Largest annual sheep and lamb slaughter in decades as cattle female slaughter rate eases
19 February 2025
The latest quarterly statistics on livestock slaughter and meat production from the Australian Bureau of Statistics (ABS) have shown that 2024 was the largest year for lamb and sheep slaughter in decades.
Numbers analysed by Meat & Livestock Australia (MLA) show that 26.4 million lambs were slaughtered in calendar year 2024, which is the largest number ever. Sheep slaughter also reached 11.8 million head, the largest since 2006.
According to Market Information Manager at MLA, Stephen Bignell, the record slaughter rates are significant for a number of reasons.
“These elevated slaughter rates seen in 2024 are due to a combination of a large national sheep flock with higher percentages of sheepmeat breeds being processed, and generally drier conditions seen in South Australia and Victoria,” Mr Bignell said.
Total lamb production for the year reached 629,385 tonnes.
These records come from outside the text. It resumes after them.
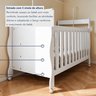 Quarto de Bebê Completo com Guarda-roupa, Berço e Cômoda Lipe - 9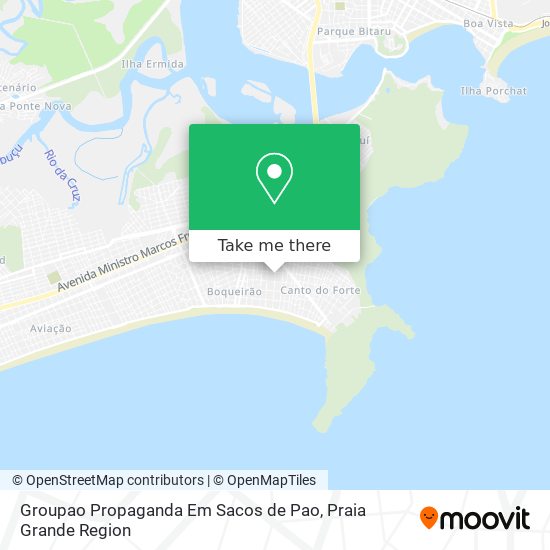 Groupao Propaganda Em Sacos de Pao map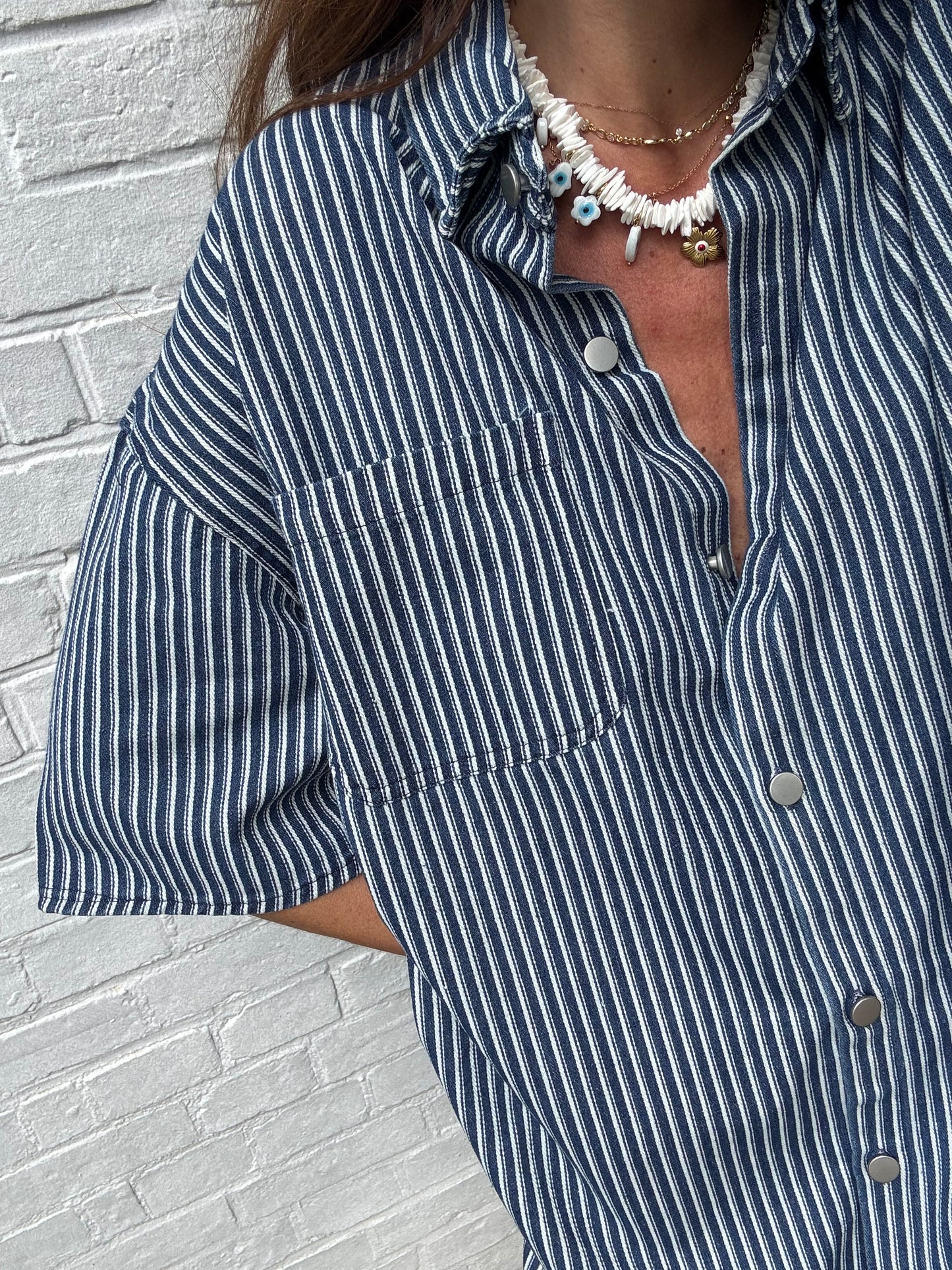 Robe JANA rayée bleue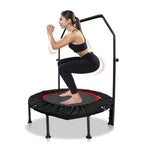 48-Inch Trampoline Foldable Fitness Trampoline Rebounder With Adjustable Handrail Bearing Max 330 lbs Outdoor Children Adults - Path to Self-Improvement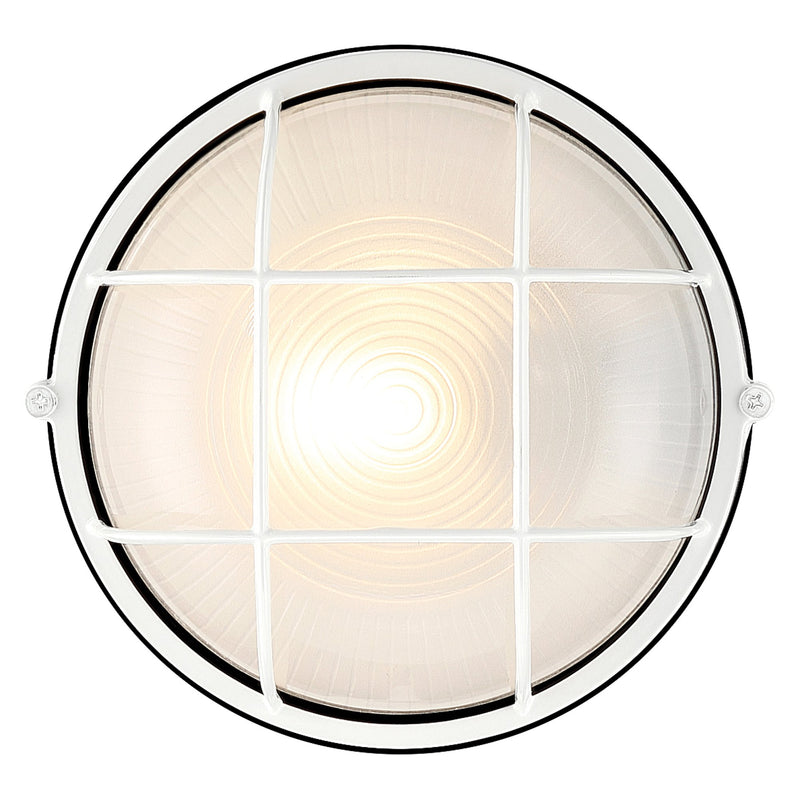 Nauticus Round Dual Mount 10" LED Outdoor Bulkhead Light in White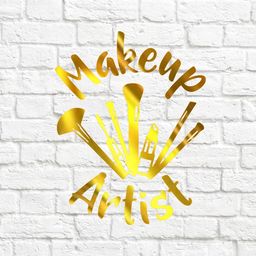 Make up Artist - вырубка из термотрансферной пленки - зеркальное золото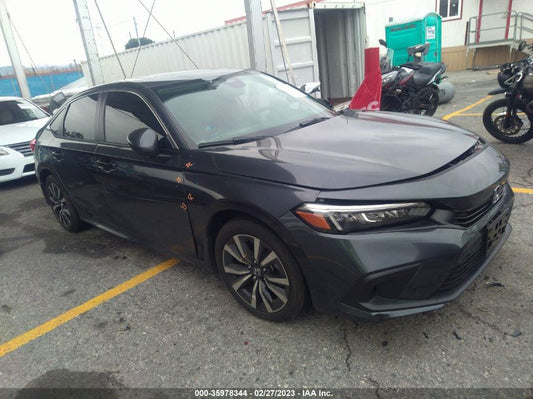 2022 HONDA CIVIC SEDAN EX VIN: 2HGFE1F79NH325319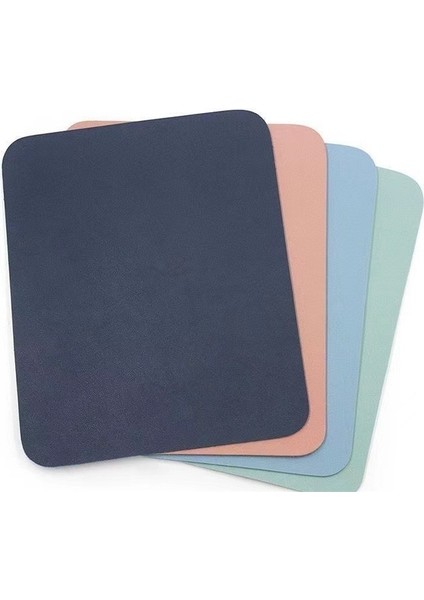 Deri Mouse Pad Kaymaz Mouse Pad Bilgisayar Masası Pedi Basit Mouse Pad (Yurt Dışından)
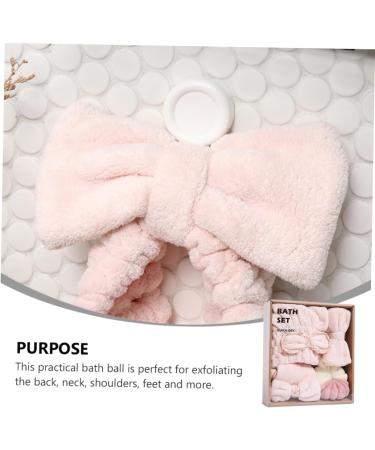 Healvian 1 Set Dry Hair Towel Set Absorbent Towels Bath Ball Home Shower Ball Bath Sponge Twisted Yarn - Buy Online on GoSupps.com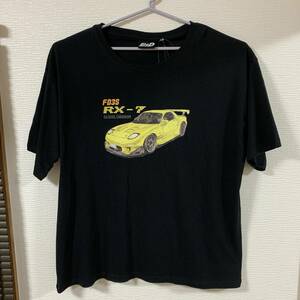 頭文字D (イニシャル・ディー) - MEN 半袖Tシャツ FD3S RX7 MAZDA 高橋啓介 走り屋 峠 しげの秀一 イニD 4L (タグ付き新品未着用品)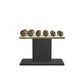 PENT. COLMIA Set - In Gold  - Dumbbells on a Horizontal Wooden Stand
This makes 2024 the largest lamb production year on record, 6% above 2023 lamb production figures.
“In the past two years production has lifted by 18%. This is due to genetic improvements in the flock but also the demographic shift towards sheepmeat and shedding breeds, which is driving fertility and thus leading to productivity gains in the national flock,” Mr Bignell said.
For the previous quarter to December 2024, mutton production hit 90,847 tonnes, which was the largest quarterly sheep production since 2001.
“Across the country towards the end of last year we saw mutton production soar,” Mr Bignell said.
“Favourable prices at the end of the year drove this increase. Lamb prices reached $10/kg while mutton was at 300-440c/kg, making it more desirable to process mutton as opposed to lambs for many producers.”
Cattle
For Q4 last year, adult cattle slaughter reached 2.13m head, which was 16% above the same quarter in 2023.
Over the whole year, 8.3 million cattle were processed, which was the largest throughput since 2019 and 18% higher than 2023.
All states lifted on the previous year, with Tasmania’s rate lifting 4% and Western Australia at 10%. New South Wales and Queensland had similar lifts at 15% and 16% respectively.
“The largest lifts were seen in Victoria which had a 27% increase and South Australia which had a 56% higher slaughter rate compared to 2023,” Mr Bignell said.
“Dry conditions across the southern band of the country have forced stronger turnoff across those states as producers move to destock by selling interstate or processing excess cattle.”
Despite 2024 slaughter being 10% below the previous slaughter record, production last year reached record volumes. Over 2.57 tonnes of beef was produced, up 16% on 2023, and enabling the record exports seen last year.
The average adult carcase weight (cwt) lifted 2.6kg from the previous quarter to 310.8kg cwt, although this was 2.8kg below December 2023.
A reduction in female turnoff is the reason for these lighter weights with female slaughter reduced 6% and the female slaughter rate (FSR) down 52.2% to 51.8%.
The industry uses 47% FSR as a benchmark as to whether the industry is in a restock, steady or destocking phase. A quarterly FSR of 51.8% is the third consecutive quarter above this benchmark, which indicates the cattle herd has entered a destocking period.